# Post Dated Cheques



## ohtwo (29 Jul 2008)

Hi,

I've asked a few people about this but have got conflicting answers.
If a cheque is post-dated, say for August 1st, but is presented to the bank and cashed on July 29th, should the bank refuse it? Do they have to refuse it?

Thanks


----------



## ClubMan (29 Jul 2008)

They probably should but chances are the teller won't bother checking the date and will just process it. In my experience banks are pretty lax in such matters.


----------



## ohtwo (29 Jul 2008)

thanks.

it happened to someone i know a few days ago. they post dated a cheque because they had transferred money from one account into the cheque account and of course it takes 3 working days.
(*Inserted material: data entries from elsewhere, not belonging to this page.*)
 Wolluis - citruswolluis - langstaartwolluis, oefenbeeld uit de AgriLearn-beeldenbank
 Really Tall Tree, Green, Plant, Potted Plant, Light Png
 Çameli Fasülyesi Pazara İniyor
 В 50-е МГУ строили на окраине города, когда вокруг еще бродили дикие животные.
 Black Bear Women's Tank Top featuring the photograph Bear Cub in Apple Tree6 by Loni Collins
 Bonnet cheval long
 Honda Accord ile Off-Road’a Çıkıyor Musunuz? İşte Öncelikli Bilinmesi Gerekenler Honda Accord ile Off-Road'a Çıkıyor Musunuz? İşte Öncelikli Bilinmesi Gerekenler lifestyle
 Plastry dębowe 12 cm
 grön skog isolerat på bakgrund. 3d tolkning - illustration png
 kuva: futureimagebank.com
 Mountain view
The cheque was presented for payment before the date, the bank cashed the cheque and the account went into negative. The bank then charged a fee for this and are adamant they will not refund the fee.


----------



## ClubMan (29 Jul 2008)

Any use?

[broken link removed]​


> Cheques are sometimes post-dated i.e. the date is a future date.  I have considerable difficulty with this.  In effect, it is an attempt to make a cheque into a conditional order - which conflicts with the definition of a cheque.  It attempts to instruct the banker to pay only if the specified date has passed.  Not a good idea.


----------



## ohtwo (29 Jul 2008)

ClubMan said:


> Any use?
> 
> [broken link removed]​



yes. thanks.
i was onto the financial regulator just there and they told me that post dating a cheque is an instruction to the bank not to process the cheque until the date in question and they have to abide by that instruction.


----------



## ClubMan (29 Jul 2008)

I'm not sure that that is correct. Based on past experience I would not necessarily trust _IFSRA _to be correct on such matters. At the very least, as your experience and the article above show, you should not *depend *on a post dated cheque not being honoured before the date specified. This article is _UK _specific but may also have some relevance here? I very much doubt that you will get anywhere with the bank in terms of looking for compensation or whatever. However if you feel that you are entitled to it then make a formal complaint and take it to the _Financial Services Ombudsman_ if necessary. The bank may waive any charges unilaterally but pursuing this issue for the presumably small amount involved would hardly seem worth it.


----------



## ohtwo (29 Jul 2008)

well having got on to the head office of the bank in question (on the advice of the regulator) they say tough, it's in their T's&C's.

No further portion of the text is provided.